Egly-Ouriet Brut Grand Cru - 2016 base. I am usually a big fan of this wine. 70-30 pinot to chard, grand cru from mostly Ambonnay. Aged for 4 years on lees, vinified in oak though only like 10% new. The wine is full bodied, intense, rich, and complex with orchard fruit, big spice, and toast with solid acidity and a long finish. Very low dosage, but the fruit and body are wonderful. I’m a big fan. I have never had a bad bottle of this wine. Downside of dinner celebrations is that when the table wants to move to red after one celebratory glass of champagne, one must oblige. My wife and I grinned and moved on, wanting instead another bottle of the EO. Good stuff.
Tried a bottle of Laherte Frères Champagne Rosé de Meunier Extra Brut. Enjoyable without lighting me up, thus making me closer to William Kelley’s take rather than Antonio Galloni’s or Frank Murray’s. Good value, though.
NV Laherte Frères Champagne Rosé de Meunier Extra Brut- France, Champagne (2/22/2022)

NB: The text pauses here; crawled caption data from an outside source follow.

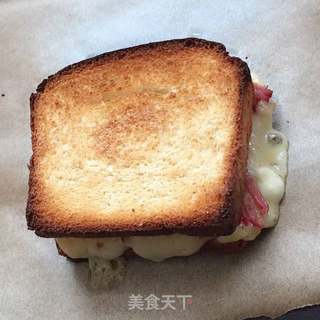 芝士三明治的做法步骤:5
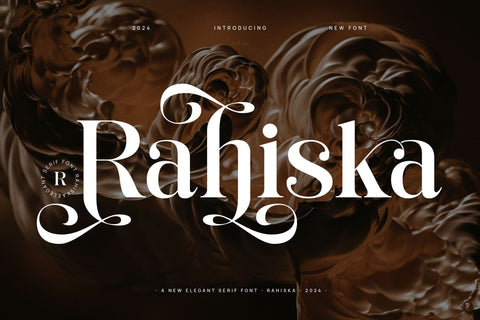Rahiska - Elegant & Classy Serif Font studioalmeera 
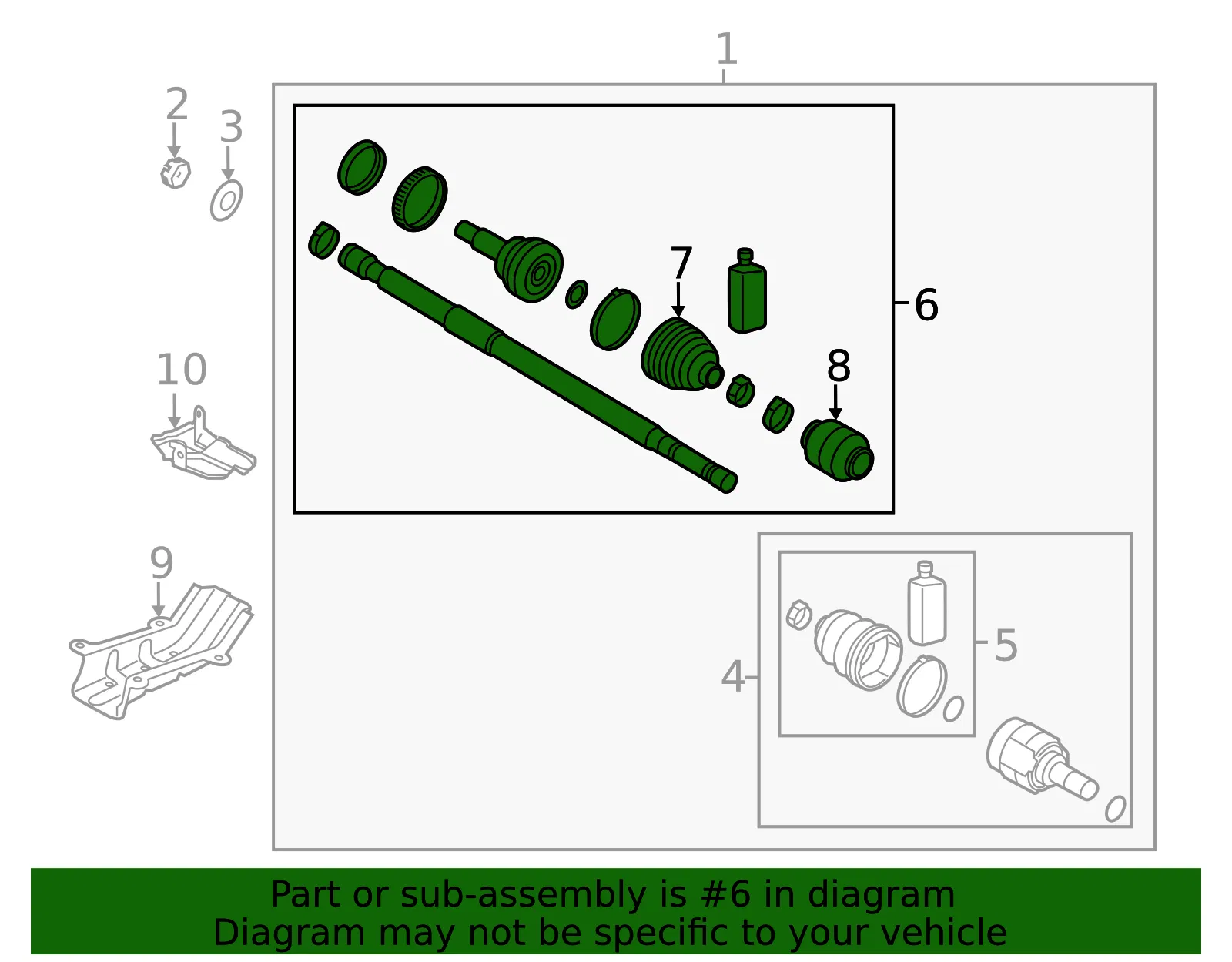 Cv Joint Kit - Kia (49525-A7180) - view 2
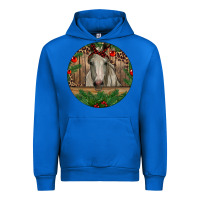 Cobalt Christmas Horse Urban Hoodie - RanaPortraitStore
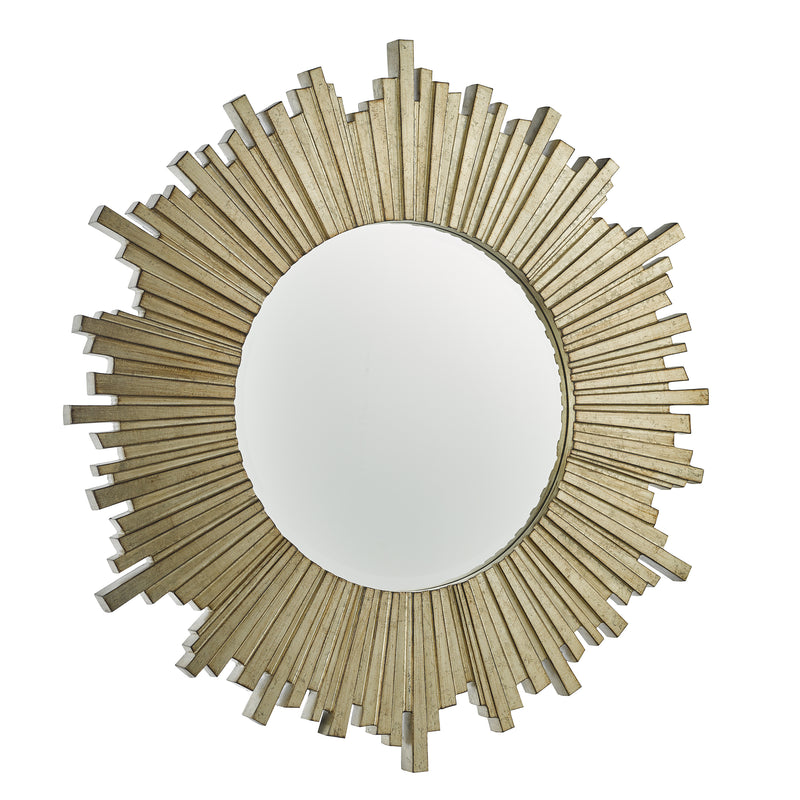 Laura Ashley Lovell Round Mirror Champagne 99cm • LA3589304-Q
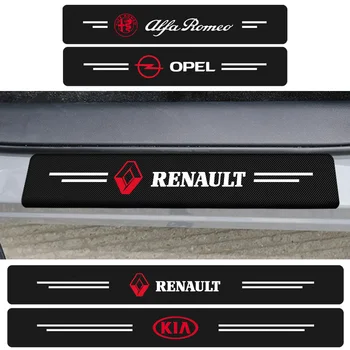 

4pcs Car Door Sill Guard Stickers Scuff Plate Threshold Protector For Skoda Toyota Nissan Citroen Buick Volvo Haval Hyundai
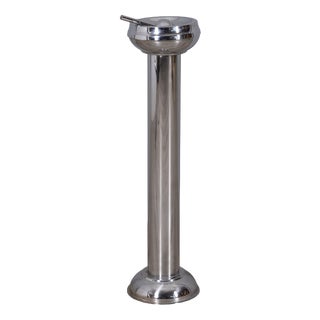 Vintage Floor Ashtray in Chrome Metal, Italy, 1970s For Sale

My first go-around with this producer. Strawberry and other red berry fruit, citrus, and a strong component of yeast. I’m still trying to figure out if the red fruit profile is real or psychosomatic because of the red-ish color. The bubbles, so strong at the outset, faded pretty quickly, but the marked acid cut kept it vibrant and crisp. I don’t get the “fleshy” impression William Kelley noted, although I get decent depth. Certainly more complex and interesting than the similarly-priced Vilmart Rubis I had. Fun to drink for the quite reasonable price. January 2021 disgorgement.
Hey Chris, I appreciate that you tried this and that you kept some of my perspective alongside as you thought about the wine. I do like this one a lot and of course the color is one of the attractions for me but the way it tastes and how it just continues to impress me is what sticks with me. Thanks again for posting your note.
Hi, Warren. I’ve had their ‘06 several times before, and they were all nice enough. The ‘03 was ok as well (but not really a vintage I’d opt for given a choice). For casual beach drinking; I’m not really picky, and am pretty much fine with any decent bubbly.
I bought three of these by mistake, thinking the were the Crayeres. I overpaid by a wide margin, but it was from a friend’s shop, so I don’t mind supporting him. I’m glad to hear they’re good. I agree; I’ve never had an Egly-Ouriet I didn’t love.